Now if you have the opposite issue where the DC source resistance is <10kohms…it acts as a short and goes to ground instead of the circuit.
So my questions were:
- Q: What “unused input” is the datasheet referring to?
So essentially, this has to do with the op-amp portion of the LM386. Essentially when you amplify a signal, whether by using an inverting or non-inverting amplifier, you only really need to have the input signal going into one pin. The other pin is often put to ground.
Assuming the input load resistance is <10kohm, and the signal is going into the + input, you will want to ground the - input. If the signal is going into the - input, you will want to ground the + input.
- Q: Why would the current go to ground if the source resistance were <10kohms?
According to @mgburr - It’s discussing the offset errors if using an input that is less than 10kohms. Each input pin is tied to ground inside the chip with a 50kohm resistor.
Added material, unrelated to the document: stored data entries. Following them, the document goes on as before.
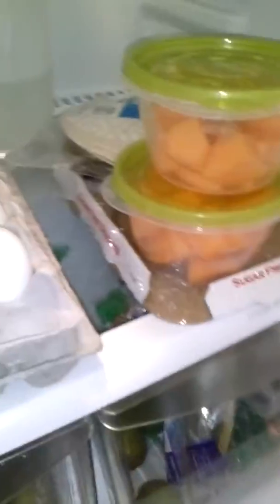Got some bread, eggs — we got two things of eggs, kind of crazy. Melon. A lot of vegetables and onion in a Ziploc bag.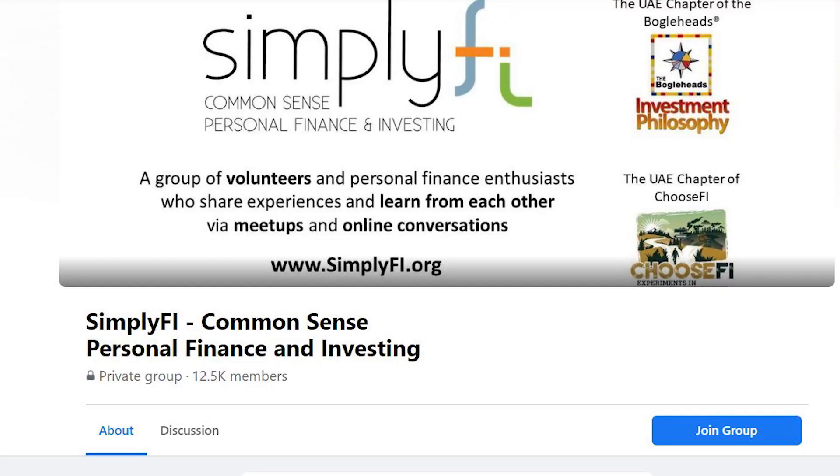Like I mentioned at the beginning of the video, check out the Simplify group on Facebook — it's an extremely helpful resource and you get a lot of honest opinions on there. If you've got any questions about any of the platforms I've mentioned or my experience with them, leave them in the comments below. You could also message me on Instagram. Hope this video was helpful and informative. Do leave a like, and thank you for watching.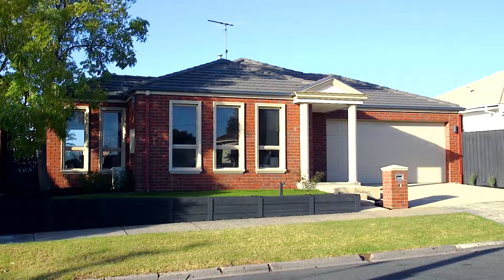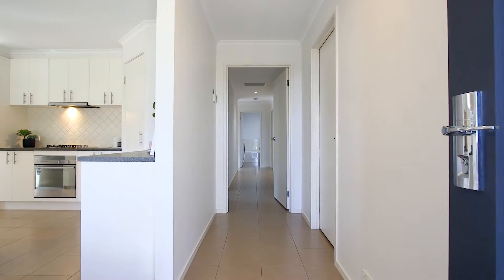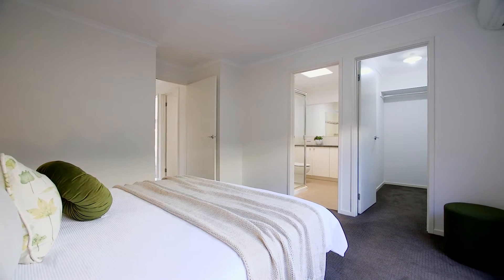Hi there, I'm Will Ainsworth from McGrath Estate Agents in Geelong and I'm proud to present this low-maintenance townhouse right here in the heart of Hamlin Heights. Let's take a wander through.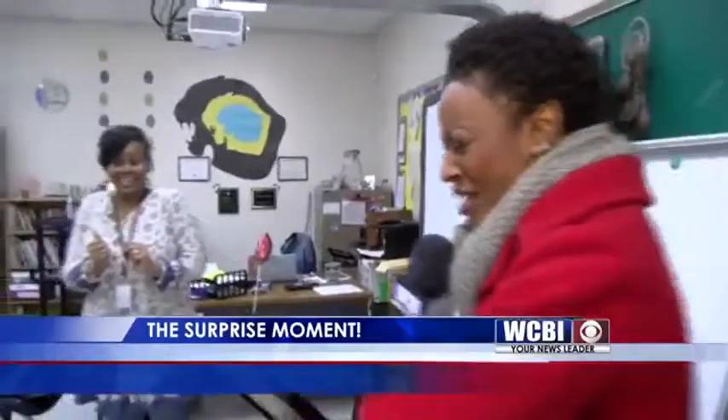Giving the teacher with a tender and tough side the ultimate surprise: you are the WCBI Educator of the Week. Congratulations.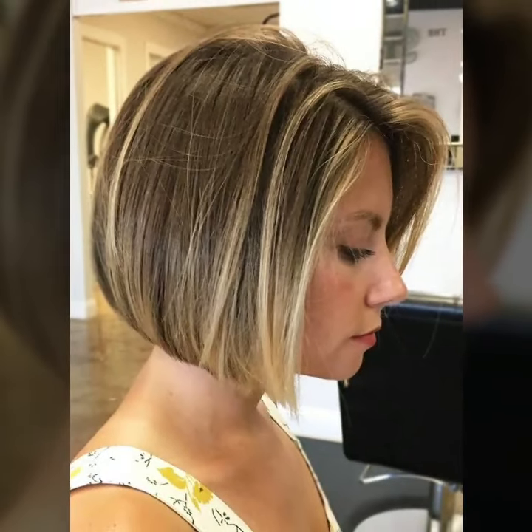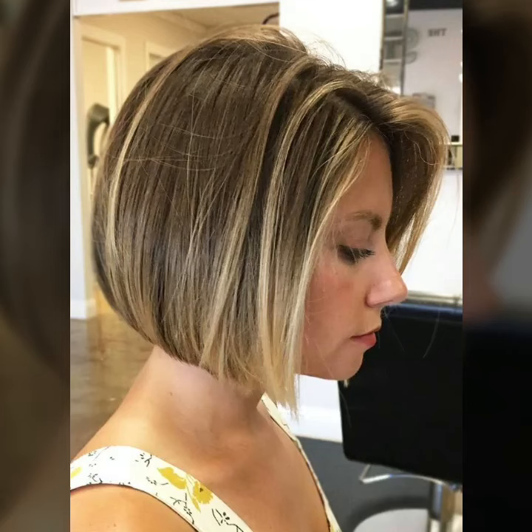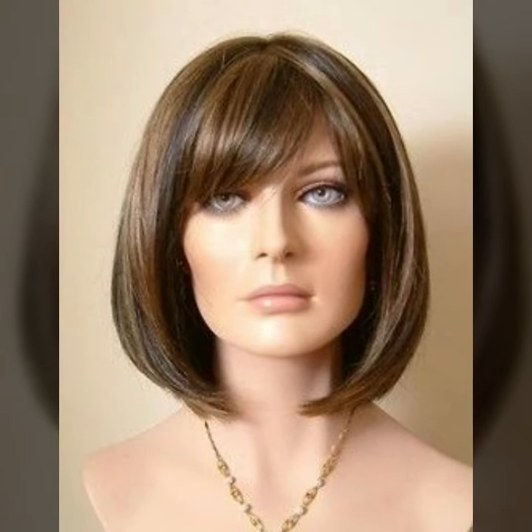Tell me in the comment section how you liked my video. I always try to bring beautiful and attractive girls' bob haircut ideas.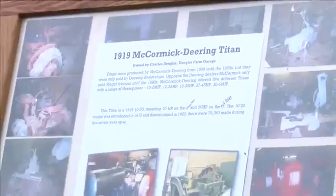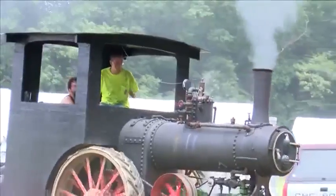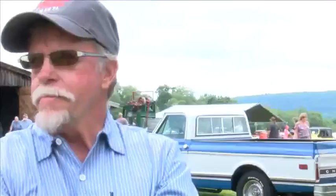Most of these engines are originals from the late 1800s and early 1900s. Even though these bulky machines aren't typically used today, many people have taken up the hobby of repairing and maintaining them. Back before there was the grid of electricity, they did everything with engines.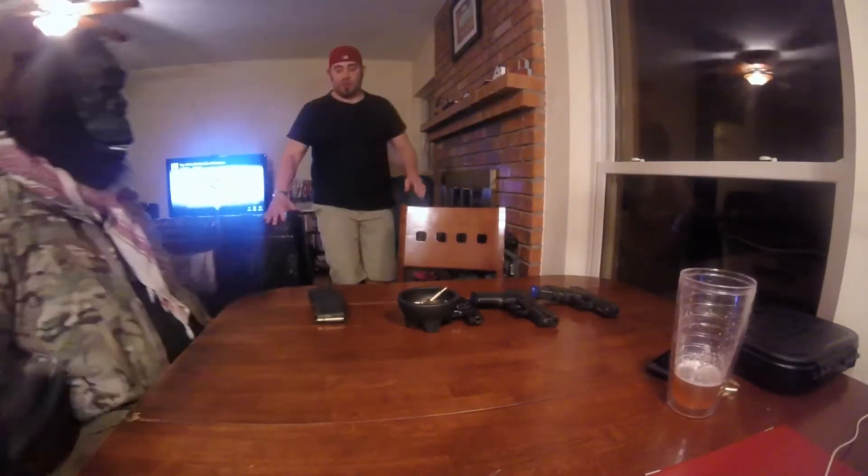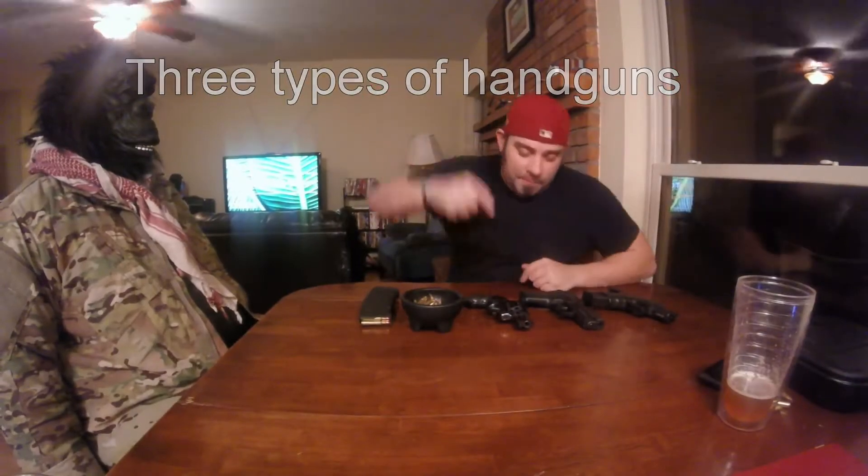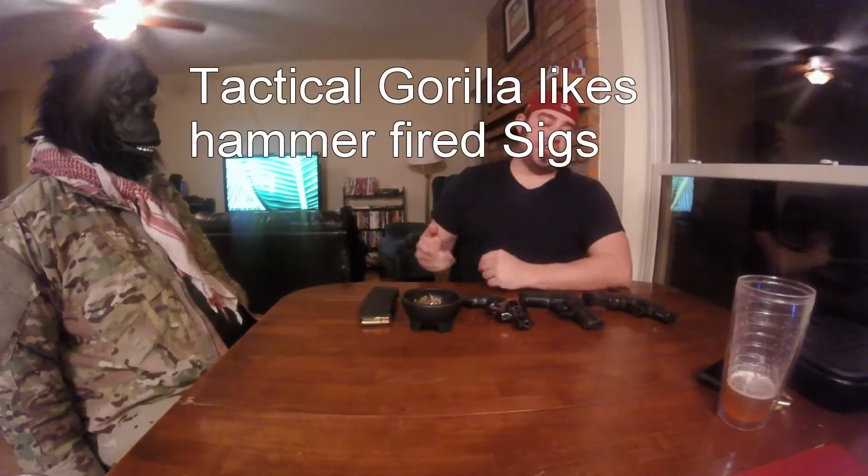What's up, I'm here today to talk to you about some of the different pistols that exist out there, whether it be a revolver, semi-automatic, whatever the case may be.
If you use <10k on one input, it’s low enough that the other side (not connected) can’t compensate and it will start pushing offset farther and farther to where it will eventually saturate the transistors either fully open or closed. This will take the output either max high or low because the 10k is considerably less than the 50k internal.
Now between 10kohms and 250kohms…
You would want to match the input resistance as this will help prevent offset errors that will affect the output. The datasheet suggests putting a resistor from the unused input to ground equal in value to the dc source resistance. Or eliminate any offset problems by capacitively coupling the input signal to the input in.
- Wouldn’t this block the DC signal that was trying to be amplified? Sure it’d prevent offset problems, but you wouldn’t be able to have an amplified signal??
And in the last paragraph here - If you have a cap between pins 1 and 8, to prevent degradation of gain and possible instabilities, put a 0.1uf capacitor or a short to ground depending on the dc source resistance.